Investing in the stock market is not suitable for everyone. With any type of investment capital is at risk, and the value of investments could fall as well as rise.
Before going down the investment route, it's sensible to build up a cash fund worth at least three (preferably six) months' living expenses.
Investment funds allow individual investors to pool their resources.
Alone, one person might be able to invest, say, £1,000 - but 5,000 such investors would, collectively, have £5 million to invest, giving them great collective buying power.
When multiple investors band together, they can also split fund management costs, and invest in shares they couldn't otherwise afford.
These pooled resources are used to purchase an array of financial assets. Funds usually - but not always - comprise a single asset type, such as bonds or equities.
Investment funds can be managed in a couple of different ways: either 'actively' or 'passively'.
Actively managed funds are overseen by a dedicated fund manager, who selects investments with the goal of outperforming a certain benchmark or index.
By contrast, passively managed funds aim to mimic the growth of a certain market by using a computer to track a specific index. For this reason, they're often called 'tracker funds'.

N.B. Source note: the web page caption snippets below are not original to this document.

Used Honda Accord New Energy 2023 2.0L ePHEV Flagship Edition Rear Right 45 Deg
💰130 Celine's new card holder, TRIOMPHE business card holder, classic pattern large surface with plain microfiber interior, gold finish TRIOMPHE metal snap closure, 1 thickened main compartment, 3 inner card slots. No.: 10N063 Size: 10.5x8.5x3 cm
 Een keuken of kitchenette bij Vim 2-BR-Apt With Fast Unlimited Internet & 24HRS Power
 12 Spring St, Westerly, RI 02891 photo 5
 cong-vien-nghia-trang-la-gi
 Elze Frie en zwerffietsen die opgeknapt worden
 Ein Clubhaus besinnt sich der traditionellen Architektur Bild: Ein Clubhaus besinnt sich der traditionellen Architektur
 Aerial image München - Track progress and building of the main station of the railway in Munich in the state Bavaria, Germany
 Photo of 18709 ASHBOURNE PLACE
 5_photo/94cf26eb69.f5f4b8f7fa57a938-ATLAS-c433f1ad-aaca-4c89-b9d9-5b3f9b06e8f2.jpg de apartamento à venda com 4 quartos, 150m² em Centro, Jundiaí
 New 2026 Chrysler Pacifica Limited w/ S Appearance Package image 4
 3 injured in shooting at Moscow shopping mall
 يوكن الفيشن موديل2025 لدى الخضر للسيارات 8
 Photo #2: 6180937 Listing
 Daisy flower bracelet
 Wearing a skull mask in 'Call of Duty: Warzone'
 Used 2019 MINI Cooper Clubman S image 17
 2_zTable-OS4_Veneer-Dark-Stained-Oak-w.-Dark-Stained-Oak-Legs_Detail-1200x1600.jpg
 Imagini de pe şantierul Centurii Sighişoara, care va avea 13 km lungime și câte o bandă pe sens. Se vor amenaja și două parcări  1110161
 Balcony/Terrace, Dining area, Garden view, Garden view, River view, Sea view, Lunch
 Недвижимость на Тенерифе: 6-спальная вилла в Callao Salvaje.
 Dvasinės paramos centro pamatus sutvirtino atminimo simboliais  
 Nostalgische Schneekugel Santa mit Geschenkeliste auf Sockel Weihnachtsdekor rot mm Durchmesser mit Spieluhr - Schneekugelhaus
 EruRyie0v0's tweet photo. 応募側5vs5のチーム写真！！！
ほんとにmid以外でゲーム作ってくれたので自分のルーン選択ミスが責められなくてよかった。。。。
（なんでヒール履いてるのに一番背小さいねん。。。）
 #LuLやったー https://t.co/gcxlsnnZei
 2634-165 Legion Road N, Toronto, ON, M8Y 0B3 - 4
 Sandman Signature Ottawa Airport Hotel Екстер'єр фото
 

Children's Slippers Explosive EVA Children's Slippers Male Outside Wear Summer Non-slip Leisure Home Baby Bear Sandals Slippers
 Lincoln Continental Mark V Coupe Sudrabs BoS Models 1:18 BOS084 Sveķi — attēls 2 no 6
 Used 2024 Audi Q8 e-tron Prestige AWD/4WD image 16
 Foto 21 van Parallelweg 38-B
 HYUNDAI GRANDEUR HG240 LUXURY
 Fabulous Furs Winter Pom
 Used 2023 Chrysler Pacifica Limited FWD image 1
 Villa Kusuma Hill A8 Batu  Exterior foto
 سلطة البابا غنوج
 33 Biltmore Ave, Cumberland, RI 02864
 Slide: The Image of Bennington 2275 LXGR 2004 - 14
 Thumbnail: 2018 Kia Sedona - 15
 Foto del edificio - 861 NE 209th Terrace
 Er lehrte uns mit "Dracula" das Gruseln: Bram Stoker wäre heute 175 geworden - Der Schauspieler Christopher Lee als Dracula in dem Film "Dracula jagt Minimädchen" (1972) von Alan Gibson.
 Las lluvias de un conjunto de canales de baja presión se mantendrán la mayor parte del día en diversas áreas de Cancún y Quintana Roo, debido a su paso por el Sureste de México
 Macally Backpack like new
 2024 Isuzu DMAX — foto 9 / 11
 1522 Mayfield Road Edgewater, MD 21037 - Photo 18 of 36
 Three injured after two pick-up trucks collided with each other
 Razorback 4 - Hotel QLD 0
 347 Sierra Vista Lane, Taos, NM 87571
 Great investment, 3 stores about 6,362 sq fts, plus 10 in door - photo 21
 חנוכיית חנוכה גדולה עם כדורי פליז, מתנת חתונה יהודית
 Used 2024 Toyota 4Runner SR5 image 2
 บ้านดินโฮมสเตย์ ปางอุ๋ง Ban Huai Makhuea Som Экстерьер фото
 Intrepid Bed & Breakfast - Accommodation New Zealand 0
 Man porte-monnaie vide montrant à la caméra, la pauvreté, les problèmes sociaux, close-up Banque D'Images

A passively managed fund tracking the FTSE 100, for example, would buy shares in each of the 100 companies that make up the index.
Because they require less input, passively managed funds typically come with lower management fees.
As of January 2023, UK investors held around £1.4 trillion in investment funds, according to data from the Investment Association.
Worldwide, more than £91.81 trillion ($111.2 trillion) was held in investment funds in 2020, according to PwC.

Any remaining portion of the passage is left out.